_Your assignment_
Output only the lines below from the one holding "IA license plate DNC602" down to the one holding "Emerald Green Cutwork", both end lines included and every picture dropped.

_Source material_
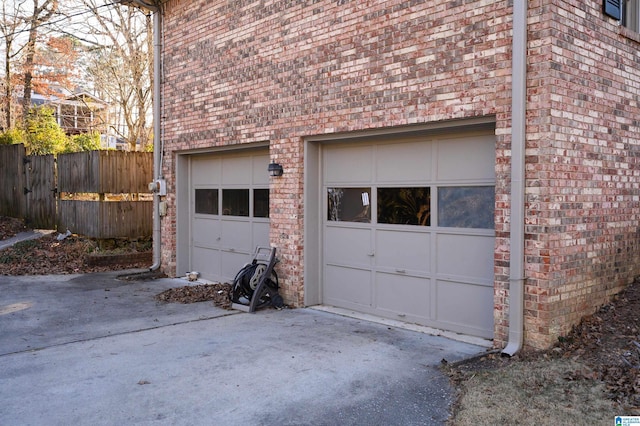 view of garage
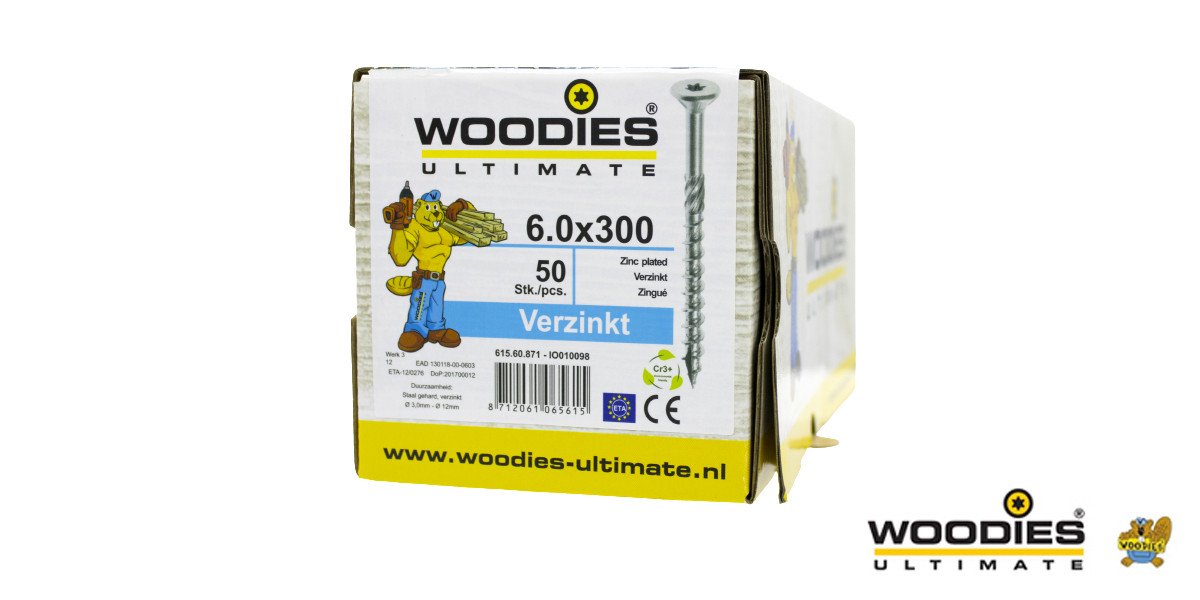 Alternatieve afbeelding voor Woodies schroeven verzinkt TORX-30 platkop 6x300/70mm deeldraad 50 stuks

--

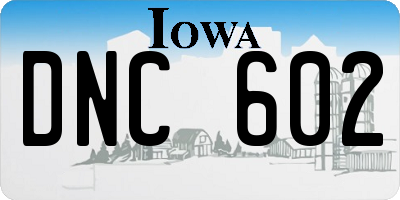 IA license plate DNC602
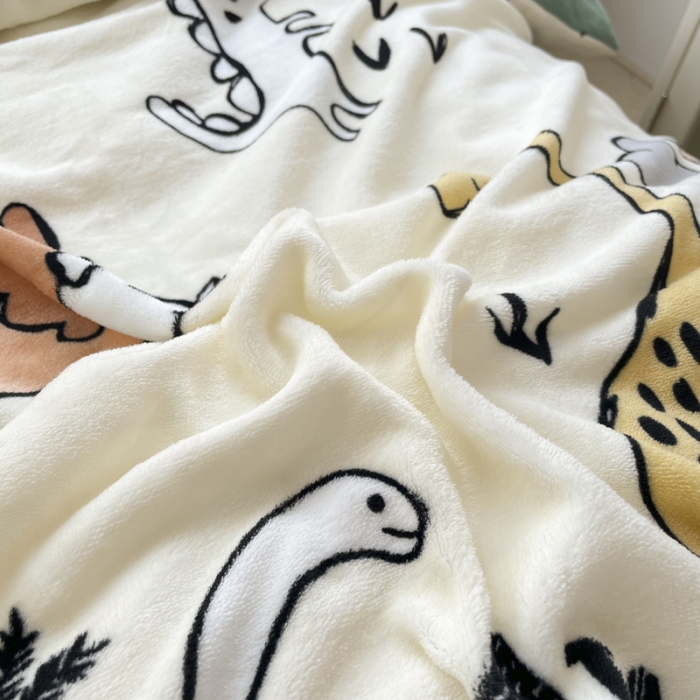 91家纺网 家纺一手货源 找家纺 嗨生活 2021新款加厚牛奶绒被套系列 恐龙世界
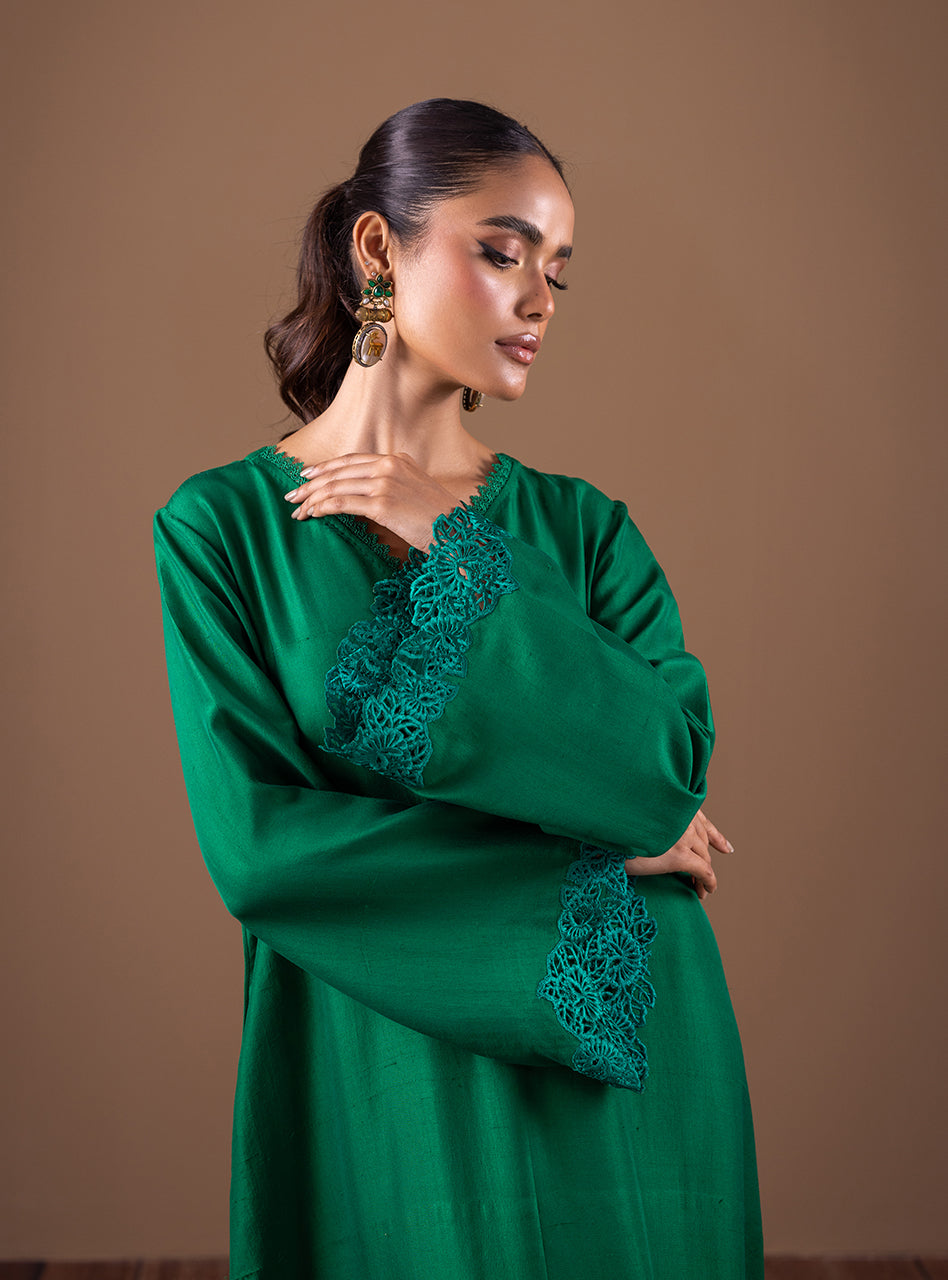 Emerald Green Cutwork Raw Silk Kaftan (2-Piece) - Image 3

_Final answer_
 IA license plate DNC602
 91家纺网 家纺一手货源 找家纺 嗨生活 2021新款加厚牛奶绒被套系列 恐龙世界
 Emerald Green Cutwork Raw Silk Kaftan (2-Piece) - Image 3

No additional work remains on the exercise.